Monday, Mar. 16, 1998

Will The Secretary Stick To The Script?

By NANCY GIBBS

All the witnesses know there are dangers in the forest, traps laid by ambition and expedience, predators whose survival instincts are far sharper than their own. And so how handy it was, after stumbling through eight weeks of leaked testimony and veiled answers, to come upon a road map that might get them all out of the woods: the most complete account yet of Bill Clinton's deposition about what did and did not occur between him and Paula Jones, and Gennifer Flowers, and four other women--and above all Monica Lewinsky. Now everyone around her and the President can steer more surely through their testimony, duly warned of the hazards ahead.

The timing was vital, since the story this week will be guided by Clinton's secretary Betty Currie, who alone is portrayed by the White House as too honorable to shade the truth, whose office has a peephole into the Oval Office, who is one of three White House staff members privy to the President's phone logs, and who has emerged as the silent and sturdy pivot for three big players: Clinton, Vernon Jordan and Lewinsky. Currie, whose stricken face as she left the grand jury became a national freeze-frame a month ago, is reportedly calmer now, not terrified of a return engagement but not exactly looking forward to it. She spent Saturday night at the Kennedy Center seeing Don Giovanni, Mozart's opera about a doomed Spanish Lothario whose loyal servant kept a long list of his lovers. Currie's friends were sure of her instincts: "She'll follow the truth, not a road map," said one. But the White House was taking no chances. "It's great for us," said one adviser of the leaked deposition. "You got Betty going into the grand jury. Don't you want her to read it going in?"

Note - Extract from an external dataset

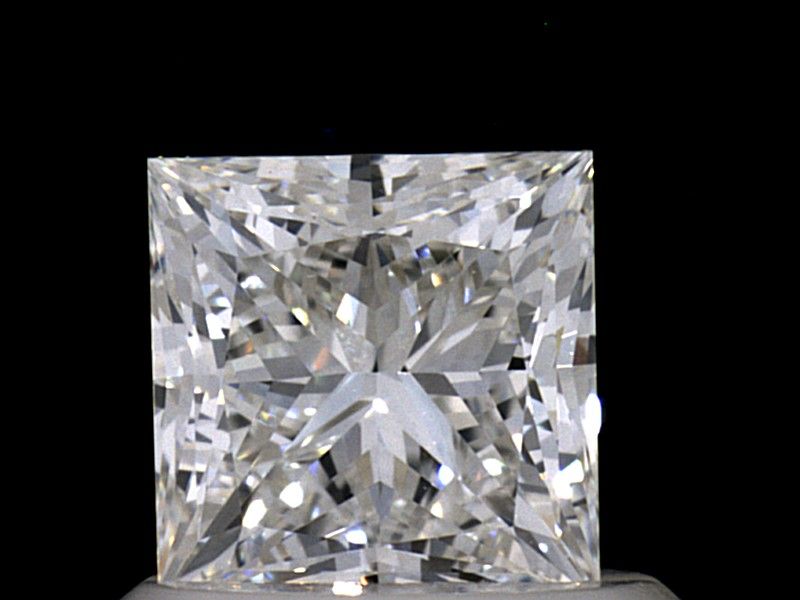Diamond Natural 0,92Ct H-IF Princess - GIA2146315780 1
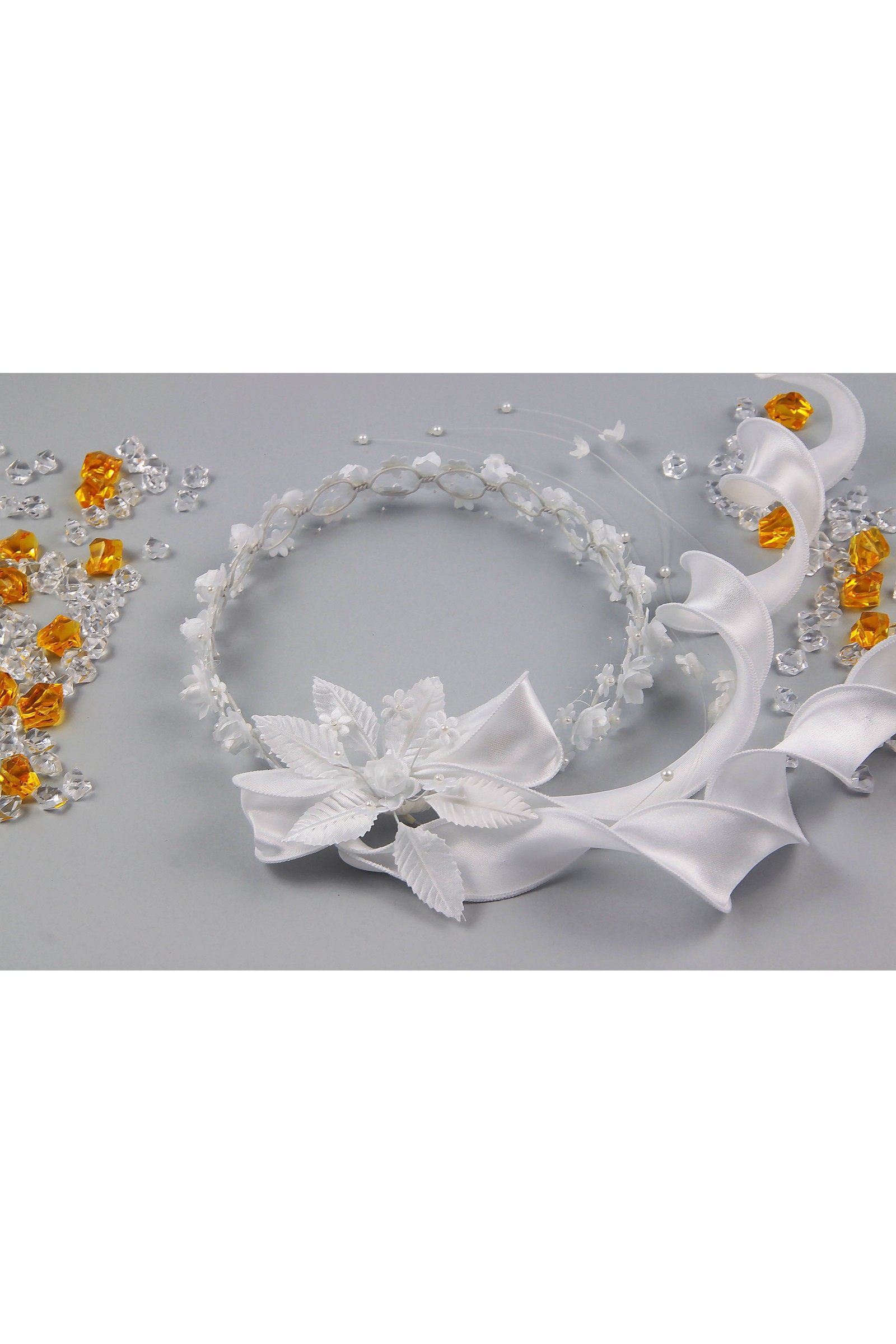 Wianek komunijny klasyczny UK-W27 - obraz 9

No one will be watching her more closely than the Cartographer in Chief. For a public troubled by the image of an embattled President distracted by a consuming scandal, the reality is even worse than the fears. Though his aides say he will not be sidetracked, Clinton calls his lawyers constantly, the intense voice unmistakable. What surprises his lawyers at the other end of the line is the way Clinton jumps into the conversation as if in midsentence: explaining the latest piece to emerge from the grand jury or the deposition, putting it in context, dissecting its implication. Last Thursday the President was hyperventilating about a minor Associated Press story that suggested a Kenneth Starr Whitewater witness might be financially connected to the archconservative Pittsburgh philanthropist Richard Mellon Scaife. "The President is completely and totally obsessed with the intricate details of the story as it unfolds day to day," said a defense lawyer on the case. This is partly a reflection of character, partly of circumstance. "In one sense," says an adviser, "it's no different than if he were dealing with affirmative action or planning to bomb Saddam Hussein. He's a detail man." But another lawyer put it more bluntly. "Sure he's paying attention to this. It's life and death."

And if this were chess, Clinton would be sacrificing pawns to protect his queen. It's O.K. to let the little details come out, the reasoning goes, so long as no one breaks ranks on the big questions. Thus in the Washington Post's account of the deposition, Clinton concedes a lot of points that had already surfaced elsewhere: he gave Monica gifts; she gave him gifts and brought him pizza as well; he says they may have been alone together, but there was no sex; he says he talked to her about both the Paula Jones case and the fact that she might have to testify; he was kept informed about her job hunt but says he did not initiate it. The new details may be damaging, but they are not conclusive: there is a difference between showing bad judgment and breaking the law.

It says a lot about the depth of the capital's cynicism that the instant the deposition leaked, those at the White House were the presumed culprits. They are the only players on the field adroit enough to pull off a p.r. play of this complexity--and the ones with the most to gain. The new details helped further numb the public to talk of sex in the Oval Office, kept Starr on the defensive with hints that he was the leaker and laid out the script for other witnesses to follow. This week, when Jones' lawyers argue why their case should go forward, they are sure to trot out the names of all the women who can point to a pattern of misconduct by the President. But now, thanks to the front page of the Washington Post, each woman knows exactly what the President has admitted: how many nights he stayed at Shelia Lawrence's house or visited Beth Coulson while her husband was not home. And all those encounters, Clinton insisted, were totally innocent. As for Gennifer Flowers, Clinton has conceded one 1977 sexual session with her, a revelation that no longer feels like much of one after six years of late-night jokes and a tell-all book.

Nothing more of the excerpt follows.